(Caption-style text data)
____

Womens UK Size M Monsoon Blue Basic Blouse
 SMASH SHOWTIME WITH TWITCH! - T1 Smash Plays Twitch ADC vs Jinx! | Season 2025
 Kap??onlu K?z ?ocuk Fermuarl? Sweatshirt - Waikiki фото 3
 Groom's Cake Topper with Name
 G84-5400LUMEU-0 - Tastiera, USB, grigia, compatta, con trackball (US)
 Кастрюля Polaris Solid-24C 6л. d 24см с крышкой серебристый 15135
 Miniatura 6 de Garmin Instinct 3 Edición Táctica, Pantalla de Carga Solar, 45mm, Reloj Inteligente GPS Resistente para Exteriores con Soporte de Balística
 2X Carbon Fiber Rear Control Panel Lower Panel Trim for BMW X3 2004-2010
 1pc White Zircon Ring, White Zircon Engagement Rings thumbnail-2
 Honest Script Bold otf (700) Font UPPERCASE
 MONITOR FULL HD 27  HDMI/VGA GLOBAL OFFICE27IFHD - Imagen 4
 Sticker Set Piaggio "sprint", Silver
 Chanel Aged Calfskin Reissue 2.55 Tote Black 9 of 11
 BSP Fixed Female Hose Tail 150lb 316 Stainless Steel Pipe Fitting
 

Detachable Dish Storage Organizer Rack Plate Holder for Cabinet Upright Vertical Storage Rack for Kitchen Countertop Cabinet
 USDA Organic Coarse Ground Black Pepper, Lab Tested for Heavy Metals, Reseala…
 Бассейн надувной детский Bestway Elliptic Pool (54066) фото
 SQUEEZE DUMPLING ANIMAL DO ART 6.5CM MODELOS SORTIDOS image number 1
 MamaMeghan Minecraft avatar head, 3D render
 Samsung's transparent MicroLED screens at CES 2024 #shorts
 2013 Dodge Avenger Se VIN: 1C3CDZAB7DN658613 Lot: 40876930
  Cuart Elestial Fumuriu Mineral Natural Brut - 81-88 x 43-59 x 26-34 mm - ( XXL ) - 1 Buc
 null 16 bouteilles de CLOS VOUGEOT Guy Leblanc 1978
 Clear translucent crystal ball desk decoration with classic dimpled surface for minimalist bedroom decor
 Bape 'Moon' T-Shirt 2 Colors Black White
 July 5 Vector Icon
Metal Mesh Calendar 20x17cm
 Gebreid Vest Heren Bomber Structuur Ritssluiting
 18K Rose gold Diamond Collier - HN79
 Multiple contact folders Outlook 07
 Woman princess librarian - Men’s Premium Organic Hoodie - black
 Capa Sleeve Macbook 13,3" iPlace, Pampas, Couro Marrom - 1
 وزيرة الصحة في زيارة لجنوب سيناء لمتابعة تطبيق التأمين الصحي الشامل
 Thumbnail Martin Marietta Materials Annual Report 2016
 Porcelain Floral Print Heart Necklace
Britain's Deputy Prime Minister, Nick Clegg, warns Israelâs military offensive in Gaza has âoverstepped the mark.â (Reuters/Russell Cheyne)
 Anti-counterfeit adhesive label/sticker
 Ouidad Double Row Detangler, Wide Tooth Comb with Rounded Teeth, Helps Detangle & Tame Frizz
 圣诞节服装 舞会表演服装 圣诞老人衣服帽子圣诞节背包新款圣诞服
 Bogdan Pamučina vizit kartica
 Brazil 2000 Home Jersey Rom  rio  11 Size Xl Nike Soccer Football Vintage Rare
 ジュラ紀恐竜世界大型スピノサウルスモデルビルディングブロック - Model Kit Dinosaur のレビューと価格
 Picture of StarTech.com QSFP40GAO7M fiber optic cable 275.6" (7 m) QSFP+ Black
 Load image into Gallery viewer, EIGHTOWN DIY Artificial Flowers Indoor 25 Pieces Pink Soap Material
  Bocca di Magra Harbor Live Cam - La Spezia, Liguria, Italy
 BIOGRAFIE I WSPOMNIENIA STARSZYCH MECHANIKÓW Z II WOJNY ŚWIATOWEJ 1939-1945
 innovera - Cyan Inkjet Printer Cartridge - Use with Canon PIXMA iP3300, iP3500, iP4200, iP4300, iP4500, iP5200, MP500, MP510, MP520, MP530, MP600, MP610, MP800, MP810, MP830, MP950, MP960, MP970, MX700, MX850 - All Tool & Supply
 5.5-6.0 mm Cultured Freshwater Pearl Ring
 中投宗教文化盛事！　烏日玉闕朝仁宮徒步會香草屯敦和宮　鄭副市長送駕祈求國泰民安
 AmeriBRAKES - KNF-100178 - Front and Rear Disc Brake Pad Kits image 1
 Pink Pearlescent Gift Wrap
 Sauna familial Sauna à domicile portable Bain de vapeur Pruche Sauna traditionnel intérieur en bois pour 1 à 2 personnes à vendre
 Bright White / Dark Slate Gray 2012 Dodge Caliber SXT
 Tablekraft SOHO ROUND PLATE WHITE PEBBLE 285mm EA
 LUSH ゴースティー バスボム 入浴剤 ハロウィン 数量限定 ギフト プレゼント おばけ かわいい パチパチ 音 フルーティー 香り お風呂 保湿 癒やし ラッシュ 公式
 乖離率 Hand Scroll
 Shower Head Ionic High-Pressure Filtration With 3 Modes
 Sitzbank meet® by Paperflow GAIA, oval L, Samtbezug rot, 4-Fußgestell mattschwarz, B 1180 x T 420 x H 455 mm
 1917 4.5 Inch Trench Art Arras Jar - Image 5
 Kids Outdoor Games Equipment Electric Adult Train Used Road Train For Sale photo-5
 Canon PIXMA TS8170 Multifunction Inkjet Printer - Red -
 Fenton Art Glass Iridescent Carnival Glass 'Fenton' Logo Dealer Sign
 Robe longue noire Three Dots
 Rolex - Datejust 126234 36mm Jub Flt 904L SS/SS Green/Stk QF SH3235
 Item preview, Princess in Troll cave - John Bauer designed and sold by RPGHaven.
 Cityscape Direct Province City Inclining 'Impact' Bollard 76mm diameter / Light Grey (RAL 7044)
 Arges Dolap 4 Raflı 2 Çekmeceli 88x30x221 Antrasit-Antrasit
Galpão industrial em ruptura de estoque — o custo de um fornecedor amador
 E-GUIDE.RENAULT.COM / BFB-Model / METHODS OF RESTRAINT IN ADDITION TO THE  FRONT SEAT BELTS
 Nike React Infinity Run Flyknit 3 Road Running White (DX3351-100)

____

Could you write out, exactly as they stand, only the lines above that begin at the line with "Kap??onlu K?z ?ocuk" and stop after the line with "Бассейн надувной детский"?

 Kap??onlu K?z ?ocuk Fermuarl? Sweatshirt - Waikiki фото 3
 Groom's Cake Topper with Name
 G84-5400LUMEU-0 - Tastiera, USB, grigia, compatta, con trackball (US)
 Кастрюля Polaris Solid-24C 6л. d 24см с крышкой серебристый 15135
 Miniatura 6 de Garmin Instinct 3 Edición Táctica, Pantalla de Carga Solar, 45mm, Reloj Inteligente GPS Resistente para Exteriores con Soporte de Balística
 2X Carbon Fiber Rear Control Panel Lower Panel Trim for BMW X3 2004-2010
 1pc White Zircon Ring, White Zircon Engagement Rings thumbnail-2
 Honest Script Bold otf (700) Font UPPERCASE
 MONITOR FULL HD 27  HDMI/VGA GLOBAL OFFICE27IFHD - Imagen 4
 Sticker Set Piaggio "sprint", Silver
 Chanel Aged Calfskin Reissue 2.55 Tote Black 9 of 11
 BSP Fixed Female Hose Tail 150lb 316 Stainless Steel Pipe Fitting
 

Detachable Dish Storage Organizer Rack Plate Holder for Cabinet Upright Vertical Storage Rack for Kitchen Countertop Cabinet
 USDA Organic Coarse Ground Black Pepper, Lab Tested for Heavy Metals, Reseala…
 Бассейн надувной детский Bestway Elliptic Pool (54066) фото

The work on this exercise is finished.